Charanjit Singh – a Indian musician and performer, best known for his pioneering electronic album Synthesizing: Ten Ragas To A Disco Beat – died yesterday. He was 74.
Singh performed extensively as a soundtrack session musician, on guitar, violin and synthesizer. He was also active as a solo artist and released several albums of covers of popular songs and film soundtracks.
He was best known in the West, though, for his 1982 album Synthesizing: Ten Ragas To A Disco Beat.
The album is one of the first recordings to make heavy use of the Roland TB-303 & Roland TR-808 combination. Singh’s early use of the 303 + 808 combination has led some to call him the ‘inventor of acid house’.
The only thing that Singh’s Synthesizing has in common with acid house, though, is instrumentation. The key element of acid house – a squelchy 303 bass sound that is tweaked constantly throughout the track – is completely absent on Synthesizing. And, where acid house explores a minimal, mechanical aesthetic, the focus of Ten Ragas To A Disco Beat is on Singh’s melodic keyboard solos.

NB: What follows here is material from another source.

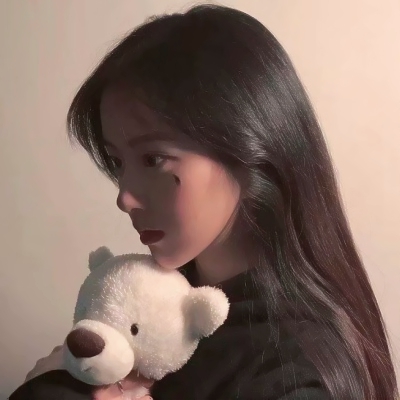 18张高清清新感女生侧脸头像 气质氛围感拉满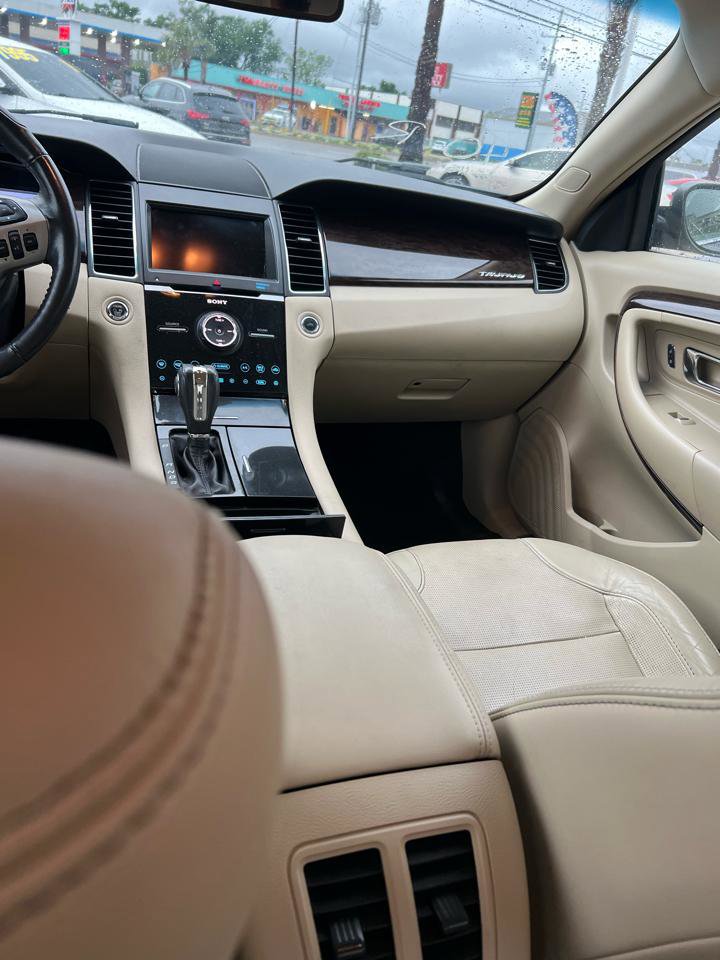 Used 2013 Ford Taurus Limited FWD image 9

What makes Synthesizing: Ten Ragas To A Disco Beat notable is that it’s not acid house. Singh took the now-classic 303/808 combination and came up with something completely different. He may have used the same instruments that were later used by the Chicago acid house pioneers, but he brought a different set of skills and a different musical culture, and came up with something unique, as a result.
Synthesizing, like the 303 and 808, had limited appeal when it was initially released. It was rediscovered 20 years after its release, though, and became a cult favorite among electronic music fans. It was reissued in 2010, and Singh toured, in the last few years of his life, performing his classic work.